Transcribe the listing word for word. Begin at its first line and end with the line containing "Tapis De Souris".

**********

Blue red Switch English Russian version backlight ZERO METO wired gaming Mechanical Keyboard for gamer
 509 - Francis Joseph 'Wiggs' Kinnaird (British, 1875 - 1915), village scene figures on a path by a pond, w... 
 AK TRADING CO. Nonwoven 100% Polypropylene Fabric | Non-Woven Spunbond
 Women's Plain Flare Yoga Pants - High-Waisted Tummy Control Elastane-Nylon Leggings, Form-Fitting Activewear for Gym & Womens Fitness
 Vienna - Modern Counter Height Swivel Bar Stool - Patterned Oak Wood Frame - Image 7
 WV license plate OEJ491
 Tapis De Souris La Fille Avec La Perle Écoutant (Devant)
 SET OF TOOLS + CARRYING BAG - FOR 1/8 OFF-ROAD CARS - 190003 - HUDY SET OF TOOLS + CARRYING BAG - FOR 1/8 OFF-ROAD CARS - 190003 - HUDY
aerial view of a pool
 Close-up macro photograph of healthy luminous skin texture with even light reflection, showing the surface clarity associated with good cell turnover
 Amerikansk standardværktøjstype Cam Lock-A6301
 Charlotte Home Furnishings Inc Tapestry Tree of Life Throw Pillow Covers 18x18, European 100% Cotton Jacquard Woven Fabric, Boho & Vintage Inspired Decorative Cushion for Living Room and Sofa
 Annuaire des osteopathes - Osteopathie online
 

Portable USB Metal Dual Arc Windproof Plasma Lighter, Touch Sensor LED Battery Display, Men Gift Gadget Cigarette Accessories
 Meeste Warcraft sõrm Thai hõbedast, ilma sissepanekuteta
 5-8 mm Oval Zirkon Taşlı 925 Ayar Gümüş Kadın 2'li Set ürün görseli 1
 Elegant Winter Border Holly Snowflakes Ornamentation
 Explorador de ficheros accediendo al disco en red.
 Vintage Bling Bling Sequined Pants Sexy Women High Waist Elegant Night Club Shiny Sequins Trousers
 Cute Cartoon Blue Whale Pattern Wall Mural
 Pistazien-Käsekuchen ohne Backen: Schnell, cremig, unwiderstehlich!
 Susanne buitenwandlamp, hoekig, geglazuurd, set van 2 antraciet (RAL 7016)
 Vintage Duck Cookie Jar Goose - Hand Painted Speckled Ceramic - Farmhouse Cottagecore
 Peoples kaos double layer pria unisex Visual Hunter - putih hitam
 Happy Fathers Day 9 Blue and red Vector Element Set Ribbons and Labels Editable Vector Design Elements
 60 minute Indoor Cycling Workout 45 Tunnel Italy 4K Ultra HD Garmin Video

**********

> Your response:
Blue red Switch English Russian version backlight ZERO METO wired gaming Mechanical Keyboard for gamer
 509 - Francis Joseph 'Wiggs' Kinnaird (British, 1875 - 1915), village scene figures on a path by a pond, w... 
 AK TRADING CO. Nonwoven 100% Polypropylene Fabric | Non-Woven Spunbond
 Women's Plain Flare Yoga Pants - High-Waisted Tummy Control Elastane-Nylon Leggings, Form-Fitting Activewear for Gym & Womens Fitness
 Vienna - Modern Counter Height Swivel Bar Stool - Patterned Oak Wood Frame - Image 7
 WV license plate OEJ491
 Tapis De Souris La Fille Avec La Perle Écoutant (Devant)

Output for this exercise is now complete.